Лифшиц / Лосев / Loseff — страница 41 из 46

Этот принцип «отрицательной осязаемости» мы обнаруживаем и в поэзии Бродского. Он неоднократно говорит об «осязаемом отсутствии» вещи, указывая на объем пространства, которое она раньше занимала. Вещи и пространство заменяют друг друга[420] по принципам как физики, так и психологии – т. е. скорее замены, а не отделения. Например, в «Квинтете», когда поэт идет по карте мира, он оставляет за собой «белые пятна» («Там где ступила твоя нога, / возникают белые пятна на карте мира»). В стихотворении «Посвящается стулу» вещи, в данном случае – стулу, угрожает опасность быть вытолкнутой пространством, оставив за собой «лишь воздух» («Что было бы здесь, если бы не он? Лишь воздух»). В этом смысле отсутствующая вещь все еще здесь, и эта логика составляет собственную попытку Бродского «расширить понимание бытия». Иными словами, это его собственная версия воскрешения, которая заменяет христианскую версию, пародируемую в стихотворении «Посвящается стулу»[421].

Интерес Бродского к цветаевскому «пространственному и телесному» воображению и ее оптике был вызван в основном ее поэмами, и не только «Новогодним». Он особенно ценил поэму «Крысолов» (1925), где дан замечательный риф на горизонте как границы зрения, занимающий тридцать две строки и начинающийся словами:

 – Око-ем!

Грань из граней, кайма из каем!

«Отстаем», —

Вот и рифма к тебе, окоем![422]

Даже в этом коротком четверостишии мы видим, как Цветаева саркастично, «по-Бродски», рифмует политическое («отстаем» из большевистской пропаганды) и метафизическое («око-ем»). Она также, пару строками ниже, воспроизводит модель экзистенциальной физики Бродского:

Тоскомер!

Синим по синю (восемь в уме),

Как по аспиду школьной доски,

Давшей меру и скорость тоски:

Окохват!..

Это лирическое отступление принадлежит Крысолову, ведущему большевистских крыс к «смерти от идеализма»: их захватывает идея, которую Крысолов вызывает в их воображении – идея мировой революции, в реальности же они утонут в пруду. Как раз это и имеет в виду Бродский, когда представляет Цветаеву как реалиста, снабжающего нас идеалистическими видениями. Он подмечает, как Цветаева при этом использует зрение. Даже в «Новогоднем» Цветаева фактически определяет поэта как «око», когда оплакивает Рильке: «если такое око смерклось». Старославянское слово «око» означает расширенное зрение, которое принадлежит поэту, после смерти обретшему новое – абсолютно метафизическое? – зрение в загробной жизни:

 С доказуемости мысом крайним —

 С новым оком, Райнер, слухом, Райнер!

Цветаева одновременно утверждает, что Рильке достиг границ доказуемого и что его новое око позволит ему взглянуть дальше.

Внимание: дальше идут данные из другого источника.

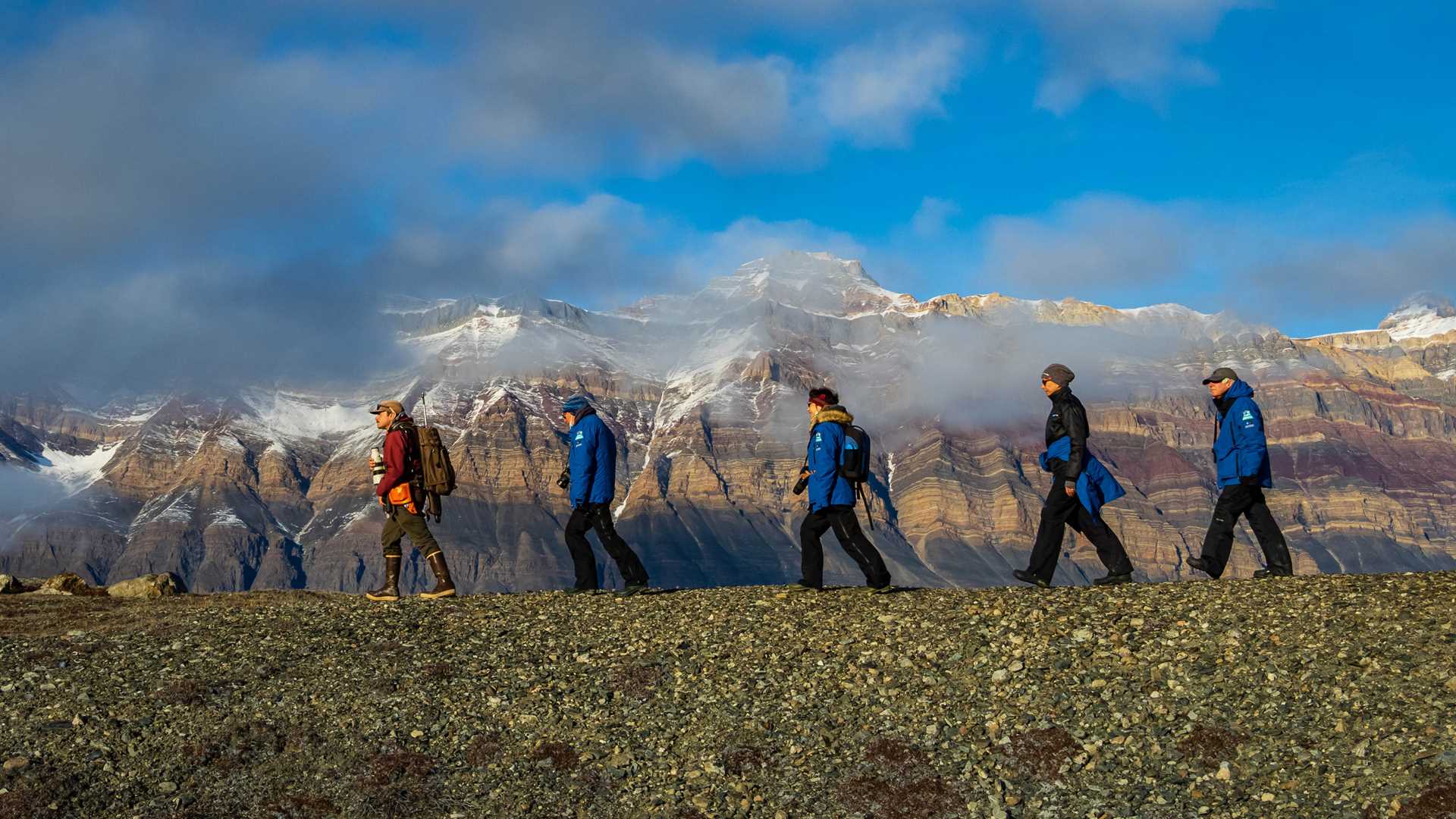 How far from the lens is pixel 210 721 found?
50.9 feet

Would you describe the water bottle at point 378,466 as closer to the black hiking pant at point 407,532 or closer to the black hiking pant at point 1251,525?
the black hiking pant at point 407,532

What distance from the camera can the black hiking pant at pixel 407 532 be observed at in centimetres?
2259

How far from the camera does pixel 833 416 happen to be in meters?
21.1

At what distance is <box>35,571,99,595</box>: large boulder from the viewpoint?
29812 millimetres

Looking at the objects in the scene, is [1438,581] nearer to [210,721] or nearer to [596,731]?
[596,731]

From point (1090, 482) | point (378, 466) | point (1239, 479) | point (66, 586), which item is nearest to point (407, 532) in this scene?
point (378, 466)

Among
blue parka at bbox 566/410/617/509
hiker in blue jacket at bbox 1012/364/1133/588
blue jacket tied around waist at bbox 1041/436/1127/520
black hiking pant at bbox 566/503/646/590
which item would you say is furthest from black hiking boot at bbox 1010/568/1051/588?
blue parka at bbox 566/410/617/509

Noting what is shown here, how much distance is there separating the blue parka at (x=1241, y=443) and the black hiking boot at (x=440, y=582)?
13.1m

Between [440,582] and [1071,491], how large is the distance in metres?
11.1

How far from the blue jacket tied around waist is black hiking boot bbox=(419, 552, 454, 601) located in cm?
1050

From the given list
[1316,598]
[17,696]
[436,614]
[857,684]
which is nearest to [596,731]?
[857,684]

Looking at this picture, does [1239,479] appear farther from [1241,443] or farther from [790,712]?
[790,712]

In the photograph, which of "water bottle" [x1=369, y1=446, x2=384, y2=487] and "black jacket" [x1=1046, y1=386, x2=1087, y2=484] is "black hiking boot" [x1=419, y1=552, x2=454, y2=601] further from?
"black jacket" [x1=1046, y1=386, x2=1087, y2=484]

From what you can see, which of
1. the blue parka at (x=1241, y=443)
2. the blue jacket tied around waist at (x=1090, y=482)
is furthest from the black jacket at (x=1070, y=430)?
the blue parka at (x=1241, y=443) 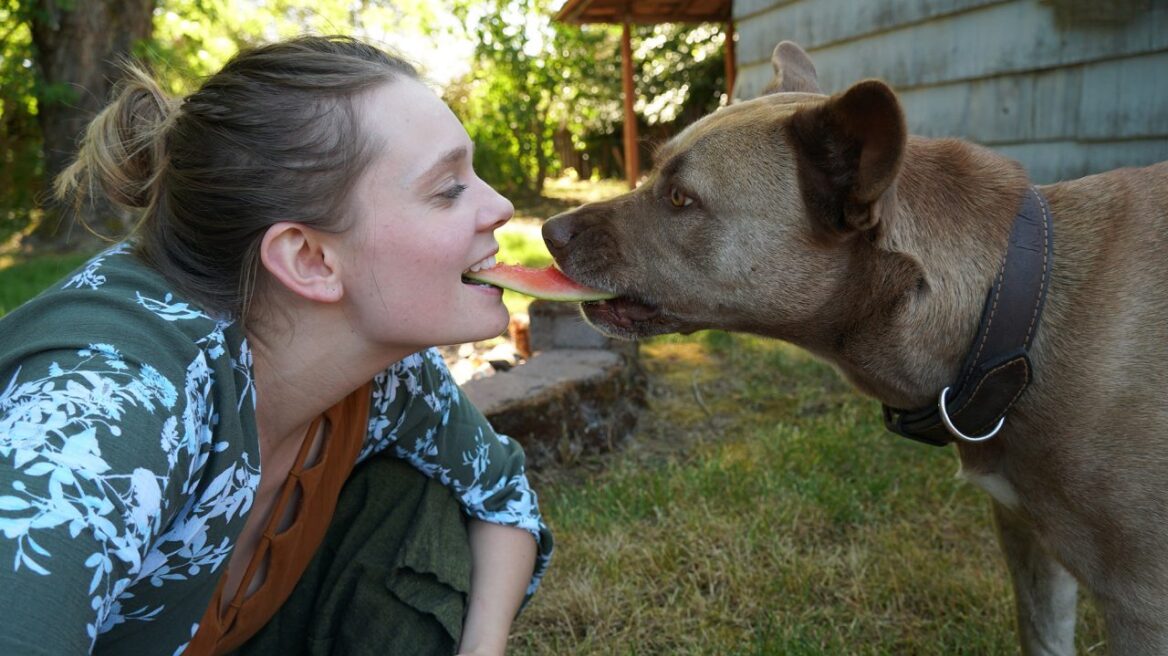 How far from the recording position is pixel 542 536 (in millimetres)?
2752

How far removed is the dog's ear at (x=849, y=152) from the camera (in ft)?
7.02

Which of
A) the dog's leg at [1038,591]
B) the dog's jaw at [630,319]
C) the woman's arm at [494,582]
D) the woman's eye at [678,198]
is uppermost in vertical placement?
the woman's eye at [678,198]

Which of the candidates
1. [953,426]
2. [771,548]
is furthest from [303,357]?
[771,548]

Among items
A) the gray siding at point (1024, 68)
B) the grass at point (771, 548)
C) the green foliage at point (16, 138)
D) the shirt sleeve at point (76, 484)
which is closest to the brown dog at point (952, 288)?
the grass at point (771, 548)

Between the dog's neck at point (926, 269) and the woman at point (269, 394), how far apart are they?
0.94m

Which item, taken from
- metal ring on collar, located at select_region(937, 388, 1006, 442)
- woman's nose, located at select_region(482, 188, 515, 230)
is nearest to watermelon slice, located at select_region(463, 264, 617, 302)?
woman's nose, located at select_region(482, 188, 515, 230)

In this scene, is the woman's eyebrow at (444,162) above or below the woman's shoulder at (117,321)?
above

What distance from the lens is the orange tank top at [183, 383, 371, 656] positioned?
2162 mm

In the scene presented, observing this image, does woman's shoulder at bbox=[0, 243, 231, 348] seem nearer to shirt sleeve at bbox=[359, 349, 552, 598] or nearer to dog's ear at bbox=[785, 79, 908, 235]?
shirt sleeve at bbox=[359, 349, 552, 598]

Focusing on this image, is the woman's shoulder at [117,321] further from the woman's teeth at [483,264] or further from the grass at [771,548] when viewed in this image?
the grass at [771,548]

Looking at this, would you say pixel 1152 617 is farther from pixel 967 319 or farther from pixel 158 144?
pixel 158 144

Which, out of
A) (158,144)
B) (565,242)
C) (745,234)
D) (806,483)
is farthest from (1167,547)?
(158,144)

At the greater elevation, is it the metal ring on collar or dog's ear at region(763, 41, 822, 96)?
dog's ear at region(763, 41, 822, 96)

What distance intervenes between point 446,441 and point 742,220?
1.00 metres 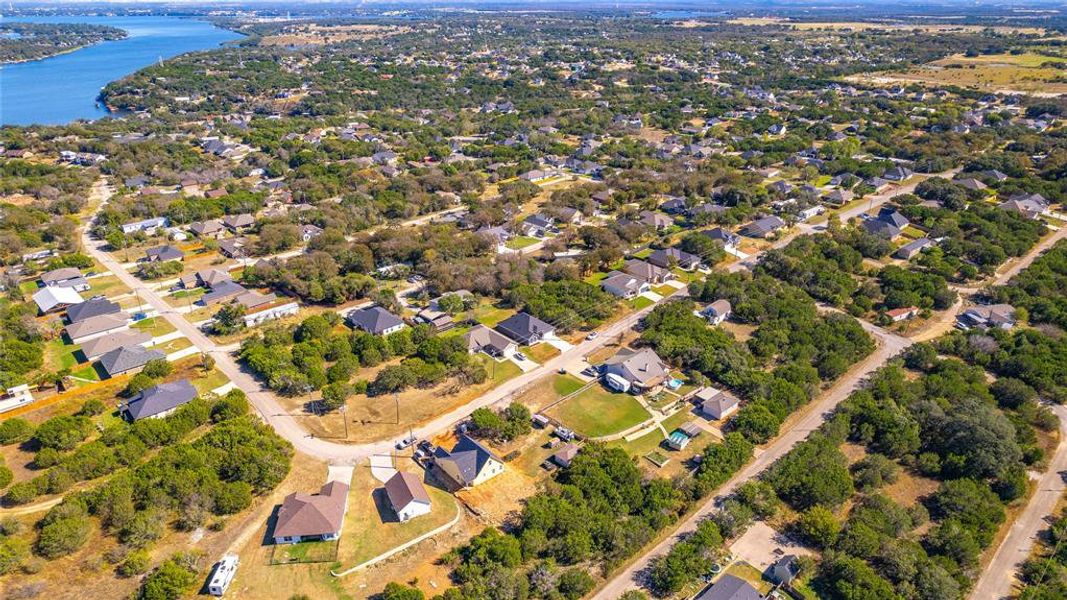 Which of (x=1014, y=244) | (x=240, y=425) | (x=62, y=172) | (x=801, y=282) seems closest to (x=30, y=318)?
(x=240, y=425)

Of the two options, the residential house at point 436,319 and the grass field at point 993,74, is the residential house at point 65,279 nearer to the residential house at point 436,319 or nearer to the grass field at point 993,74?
the residential house at point 436,319

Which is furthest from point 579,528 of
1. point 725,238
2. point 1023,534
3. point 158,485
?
point 725,238

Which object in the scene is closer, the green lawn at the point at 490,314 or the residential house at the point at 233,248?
the green lawn at the point at 490,314

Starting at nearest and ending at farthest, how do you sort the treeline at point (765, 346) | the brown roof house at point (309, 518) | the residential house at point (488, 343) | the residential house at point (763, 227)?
the brown roof house at point (309, 518)
the treeline at point (765, 346)
the residential house at point (488, 343)
the residential house at point (763, 227)

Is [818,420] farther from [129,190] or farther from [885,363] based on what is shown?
[129,190]

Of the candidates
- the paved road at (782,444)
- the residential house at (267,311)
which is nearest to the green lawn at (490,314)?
the residential house at (267,311)

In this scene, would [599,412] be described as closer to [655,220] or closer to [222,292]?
[222,292]

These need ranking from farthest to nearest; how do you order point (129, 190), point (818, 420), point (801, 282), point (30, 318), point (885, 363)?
point (129, 190)
point (801, 282)
point (30, 318)
point (885, 363)
point (818, 420) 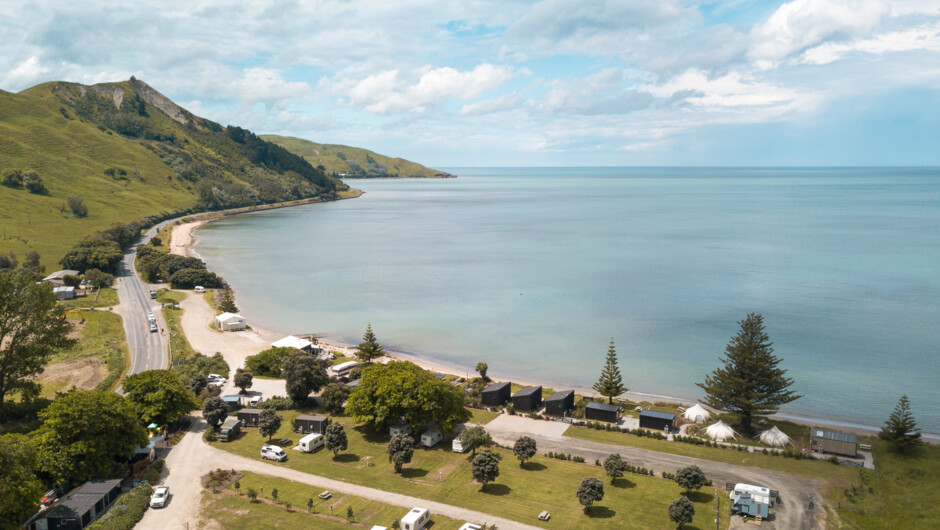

По всей видимости, Бродский редко использовал цветаевское слово «око» в своих стихах, практически всегда употребляя более распространенное слово «глаз». Я нашла только два случая, до и после цикла «Урании»: первое в его известном любовном стихотворении «Пенье без музыки» (1970), второе – в позднем стихотворении «О если бы птицы пели» (1994). В обоих контекстах «око» выражает тотальное, метафизическое зрение: либо двух влюбленных на разных концах земли (в первом случае), либо тех, кто умер (во втором). Похожие невозможные условия сопутствуют и эксперименту в «Квинтете», с которого я начала:

 Теперь представим себе абсолютную пустоту.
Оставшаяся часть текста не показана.